Further, because of MachO limitations on relocation addends (have I said how much I hate that format in the last week? Time to do it again), it can't be anything inside the function, leaving only the function symbol itself.

LLVM seems to accept "adrp x8, (f+1)@PAGE"; does that not do the right thing?

Oh, that has limited range; I guess it doesn't help.

In that case, LGTM the way it is, I guess.

t.p.northover closed this revision.Sep 18 2020, 1:54 AM

I'm a little concerned about the potential performance impact of the isNotDuplicable marking (that's the one change that impacts compressed jump tables), but your results seem to indicate it isn't significant.

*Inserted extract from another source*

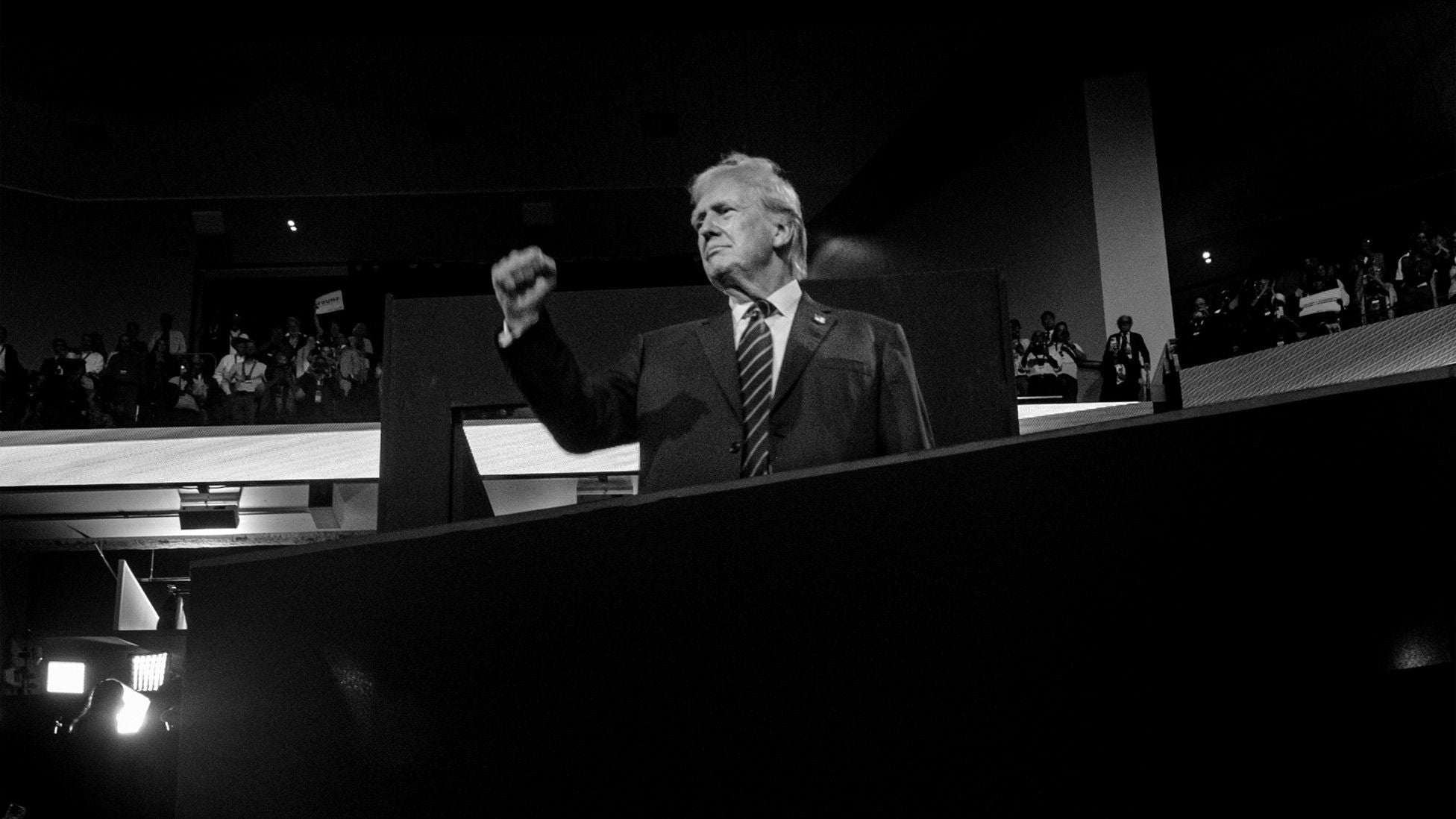 Black-and-white photograph of Donald Trump raising his fist while standing onstage at the 2024 Republican National Convention in Milwaukee.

I actually suspect that might be positive, or at least not as clear cut. The duplication code is pretty sensitive about the size of the sequence it duplicates, and doesn't know this expands to 3 real instructions (to even get the test working on simple code I had to increase the threshhold via a dev command-line option).

Oh, that has limited range; I guess it doesn't help.

Yep, that's actually what started this whole saga (someone was obfuscating their code and ended up with a huge function with broken jump tables).

Anyway, thanks for the review. It's committed now as 2afe4becec7.